WAL on RocksDB

Architecture

In this section we present a standalone WAL implementation (based on RocksDB). Write-ahead logs(hereinafter referred to as logs) of tables are managed here by table, and we call the corresponding storage data structure TableUnit. All related data (logs or some metadata) is stored in a single column family for simplicity.

            ┌───────────────────────────────┐
            │         HoraeDB               │
            │                               │
            │ ┌─────────────────────┐       │
            │ │         WAL         │       │
            │ │                     │       │
            │ │        ......       │       │
            │ │                     │       │
            │ │  ┌────────────────┐ │       │
 Write ─────┼─┼──►   TableUnit    │ │Delete │
            │ │  │                │ ◄────── │
 Read  ─────┼─┼──► ┌────────────┐ │ │       │
            │ │  │ │ RocksDBRef │ │ │       │
            │ │  │ └────────────┘ │ │       │
            │ │  │                | |       |
            │ │  └────────────────┘ │       │
            │ │        ......       │       │
            │ └─────────────────────┘       │
            │                               │
            └───────────────────────────────┘

Data Model

Common Log Format

We use the common key and value format here. Here is the defined key format, and the following is introduction for fields in it:

  • namespace: multiple instances of WAL can exist for different purposes (e.g. manifest also needs wal). The namespace is used to distinguish them.
  • region_id: in some WAL implementations we may need to manage logs from multiple tables, region is the concept to describe such a set of table logs. Obviously the region id is the identification of the region.
  • table_id: identification of the table logs to which they belong.
  • sequence_num: each login table can be assigned an identifier, called a sequence number here.
  • version: for compatibility with old and new formats.
+---------------+----------------+-------------------+--------------------+-------------+
| namespace(u8) | region_id(u64) |   table_id(u64)   |  sequence_num(u64) | version(u8) |
+---------------+----------------+-------------------+--------------------+-------------+

Here is the defined value format, version is the same as the key format, payload can be understood as encoded log content.

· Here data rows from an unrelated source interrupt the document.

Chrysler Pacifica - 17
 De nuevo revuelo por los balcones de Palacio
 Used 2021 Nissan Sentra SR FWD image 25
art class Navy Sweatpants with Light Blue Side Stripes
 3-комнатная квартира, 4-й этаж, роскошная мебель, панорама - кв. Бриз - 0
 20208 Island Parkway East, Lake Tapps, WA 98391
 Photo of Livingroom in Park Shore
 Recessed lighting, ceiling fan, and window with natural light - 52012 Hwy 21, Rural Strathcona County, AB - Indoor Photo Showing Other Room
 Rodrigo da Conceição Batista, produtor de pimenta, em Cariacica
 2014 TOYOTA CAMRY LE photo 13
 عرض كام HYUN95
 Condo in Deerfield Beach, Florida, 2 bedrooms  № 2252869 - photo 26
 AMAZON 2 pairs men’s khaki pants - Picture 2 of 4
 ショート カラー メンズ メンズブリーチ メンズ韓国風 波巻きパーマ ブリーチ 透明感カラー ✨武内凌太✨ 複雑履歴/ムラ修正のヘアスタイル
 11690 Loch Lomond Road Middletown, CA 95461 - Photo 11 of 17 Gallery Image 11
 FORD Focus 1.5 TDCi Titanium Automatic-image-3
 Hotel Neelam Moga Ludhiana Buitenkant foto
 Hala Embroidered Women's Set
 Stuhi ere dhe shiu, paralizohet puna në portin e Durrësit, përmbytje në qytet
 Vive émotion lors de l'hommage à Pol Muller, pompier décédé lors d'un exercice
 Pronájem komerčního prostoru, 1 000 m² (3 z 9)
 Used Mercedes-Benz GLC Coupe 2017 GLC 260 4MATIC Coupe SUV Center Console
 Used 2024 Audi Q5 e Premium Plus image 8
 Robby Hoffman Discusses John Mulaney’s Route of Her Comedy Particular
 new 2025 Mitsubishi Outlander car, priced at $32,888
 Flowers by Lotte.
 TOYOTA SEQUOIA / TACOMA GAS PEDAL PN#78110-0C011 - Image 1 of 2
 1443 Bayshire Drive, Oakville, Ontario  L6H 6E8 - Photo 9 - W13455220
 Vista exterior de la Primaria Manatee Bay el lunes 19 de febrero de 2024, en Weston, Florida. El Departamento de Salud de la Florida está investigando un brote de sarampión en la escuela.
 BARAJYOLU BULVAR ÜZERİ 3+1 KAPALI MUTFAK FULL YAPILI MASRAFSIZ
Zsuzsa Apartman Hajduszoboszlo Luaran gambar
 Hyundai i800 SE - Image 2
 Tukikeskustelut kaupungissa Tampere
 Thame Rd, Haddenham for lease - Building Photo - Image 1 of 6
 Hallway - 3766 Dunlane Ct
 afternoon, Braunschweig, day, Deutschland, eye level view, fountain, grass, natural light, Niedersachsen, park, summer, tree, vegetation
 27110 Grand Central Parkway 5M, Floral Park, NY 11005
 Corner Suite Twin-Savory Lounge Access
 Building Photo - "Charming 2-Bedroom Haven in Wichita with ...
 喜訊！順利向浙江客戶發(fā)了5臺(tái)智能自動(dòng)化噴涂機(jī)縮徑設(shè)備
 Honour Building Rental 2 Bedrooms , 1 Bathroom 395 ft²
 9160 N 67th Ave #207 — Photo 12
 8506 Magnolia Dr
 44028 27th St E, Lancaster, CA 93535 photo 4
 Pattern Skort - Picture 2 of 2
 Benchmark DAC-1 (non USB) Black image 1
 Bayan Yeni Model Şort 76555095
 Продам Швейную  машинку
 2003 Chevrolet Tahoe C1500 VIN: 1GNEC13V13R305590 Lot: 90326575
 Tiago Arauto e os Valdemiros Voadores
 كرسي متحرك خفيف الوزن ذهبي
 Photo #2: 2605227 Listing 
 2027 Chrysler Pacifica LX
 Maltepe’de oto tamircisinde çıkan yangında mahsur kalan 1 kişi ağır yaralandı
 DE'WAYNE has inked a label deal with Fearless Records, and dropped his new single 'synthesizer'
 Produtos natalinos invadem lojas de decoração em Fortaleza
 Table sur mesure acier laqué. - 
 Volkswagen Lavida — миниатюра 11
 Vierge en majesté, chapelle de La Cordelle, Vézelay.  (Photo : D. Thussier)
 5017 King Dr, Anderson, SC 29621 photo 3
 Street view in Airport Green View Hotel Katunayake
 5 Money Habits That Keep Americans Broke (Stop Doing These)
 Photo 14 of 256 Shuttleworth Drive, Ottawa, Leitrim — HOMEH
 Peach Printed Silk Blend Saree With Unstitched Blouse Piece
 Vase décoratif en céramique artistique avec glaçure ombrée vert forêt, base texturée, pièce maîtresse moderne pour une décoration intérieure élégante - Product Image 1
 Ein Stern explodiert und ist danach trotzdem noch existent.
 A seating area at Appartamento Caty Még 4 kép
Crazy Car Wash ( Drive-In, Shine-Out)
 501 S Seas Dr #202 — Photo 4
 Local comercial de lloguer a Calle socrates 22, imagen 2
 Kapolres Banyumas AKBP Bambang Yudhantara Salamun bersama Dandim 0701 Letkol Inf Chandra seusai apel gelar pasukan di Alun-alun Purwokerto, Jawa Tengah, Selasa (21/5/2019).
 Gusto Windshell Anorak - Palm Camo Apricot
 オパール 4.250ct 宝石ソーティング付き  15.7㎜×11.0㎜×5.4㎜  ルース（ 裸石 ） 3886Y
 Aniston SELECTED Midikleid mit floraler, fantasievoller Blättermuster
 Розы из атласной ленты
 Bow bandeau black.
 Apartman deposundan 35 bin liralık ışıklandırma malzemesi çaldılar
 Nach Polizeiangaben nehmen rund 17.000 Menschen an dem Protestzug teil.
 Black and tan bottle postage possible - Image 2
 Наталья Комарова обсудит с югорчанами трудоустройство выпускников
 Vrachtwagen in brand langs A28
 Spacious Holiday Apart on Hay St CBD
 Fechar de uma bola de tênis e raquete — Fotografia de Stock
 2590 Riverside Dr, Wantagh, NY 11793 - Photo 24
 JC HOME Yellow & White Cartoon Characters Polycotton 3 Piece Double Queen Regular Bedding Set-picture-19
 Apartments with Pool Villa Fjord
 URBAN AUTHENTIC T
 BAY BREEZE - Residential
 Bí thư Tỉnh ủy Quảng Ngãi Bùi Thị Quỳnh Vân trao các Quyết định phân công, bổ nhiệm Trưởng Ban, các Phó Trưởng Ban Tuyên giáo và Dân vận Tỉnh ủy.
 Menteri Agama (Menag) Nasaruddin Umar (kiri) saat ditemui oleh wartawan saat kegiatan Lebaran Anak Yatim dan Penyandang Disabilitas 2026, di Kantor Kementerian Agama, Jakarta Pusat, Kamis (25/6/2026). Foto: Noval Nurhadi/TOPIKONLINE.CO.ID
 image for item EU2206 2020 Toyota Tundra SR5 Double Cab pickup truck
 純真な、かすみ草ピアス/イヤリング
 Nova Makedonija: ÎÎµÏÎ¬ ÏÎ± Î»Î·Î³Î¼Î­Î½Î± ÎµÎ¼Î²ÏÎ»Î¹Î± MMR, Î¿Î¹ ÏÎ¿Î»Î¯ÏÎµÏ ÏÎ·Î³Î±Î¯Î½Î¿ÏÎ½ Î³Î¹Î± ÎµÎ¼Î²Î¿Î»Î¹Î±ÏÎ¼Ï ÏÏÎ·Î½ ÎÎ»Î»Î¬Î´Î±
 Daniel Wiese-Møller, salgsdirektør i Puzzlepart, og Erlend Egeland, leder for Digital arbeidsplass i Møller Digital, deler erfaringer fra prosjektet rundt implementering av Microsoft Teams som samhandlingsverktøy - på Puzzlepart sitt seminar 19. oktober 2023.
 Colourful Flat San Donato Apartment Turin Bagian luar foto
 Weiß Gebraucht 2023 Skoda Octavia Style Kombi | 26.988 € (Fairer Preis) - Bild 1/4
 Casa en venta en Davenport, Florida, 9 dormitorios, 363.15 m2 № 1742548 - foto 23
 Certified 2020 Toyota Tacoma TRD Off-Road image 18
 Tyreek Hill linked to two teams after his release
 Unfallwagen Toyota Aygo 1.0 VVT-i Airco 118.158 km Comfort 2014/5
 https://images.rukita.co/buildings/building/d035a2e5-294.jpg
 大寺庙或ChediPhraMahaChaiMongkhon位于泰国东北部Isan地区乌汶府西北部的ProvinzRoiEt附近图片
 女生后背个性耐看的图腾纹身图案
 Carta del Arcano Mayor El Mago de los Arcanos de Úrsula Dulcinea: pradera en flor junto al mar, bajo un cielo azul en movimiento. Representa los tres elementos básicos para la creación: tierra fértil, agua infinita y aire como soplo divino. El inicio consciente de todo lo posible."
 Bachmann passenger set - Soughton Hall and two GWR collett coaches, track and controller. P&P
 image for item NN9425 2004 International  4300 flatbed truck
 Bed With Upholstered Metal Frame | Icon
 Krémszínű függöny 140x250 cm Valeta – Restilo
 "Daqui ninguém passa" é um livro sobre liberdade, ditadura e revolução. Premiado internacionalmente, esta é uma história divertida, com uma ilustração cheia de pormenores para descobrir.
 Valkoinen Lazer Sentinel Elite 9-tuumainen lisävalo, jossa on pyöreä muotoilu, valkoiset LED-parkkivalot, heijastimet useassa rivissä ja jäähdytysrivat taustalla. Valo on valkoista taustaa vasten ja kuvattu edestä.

+-------------+----------+
| version(u8) | payload  |
+-------------+----------+

Metadata

The metadata here is stored in the same key-value format as the log. Actually only the last flushed sequence is stored in this implementation. Here is the defined metadata key format and field instructions:

  • namespace, table_id, version are the same as the log format.
  • key_type, used to define the type of metadata. MaxSeq now defines that metadata of this type will only record the most recently flushed sequence in the table. Because it is only used in wal on RocksDB, which manages the logs at table level, so there is no region id in this key.
+---------------+--------------+----------------+-------------+
| namespace(u8) | key_type(u8) | table_id(u64)  | version(u8) |
+---------------+--------------+----------------+-------------+

Here is the defined metadata value format, as you can see, just the version and max_seq(flushed sequence) in it:

+-------------+--------------+
| version(u8) | max_seq(u64) |
+-------------+--------------+

Main Process

  • Open TableUnit:
    • Read the latest log entry of all tables to recover the next sequence numbers of tables mainly.
    • Scan the metadata to recover next sequence num as a supplement (because some table has just triggered flush and no new written logs after this, so no logs exists now).
  • Write and read logs. Just write and read key-value from RocksDB.
  • Delete logs. For simplicity It will remove corresponding logs synchronously.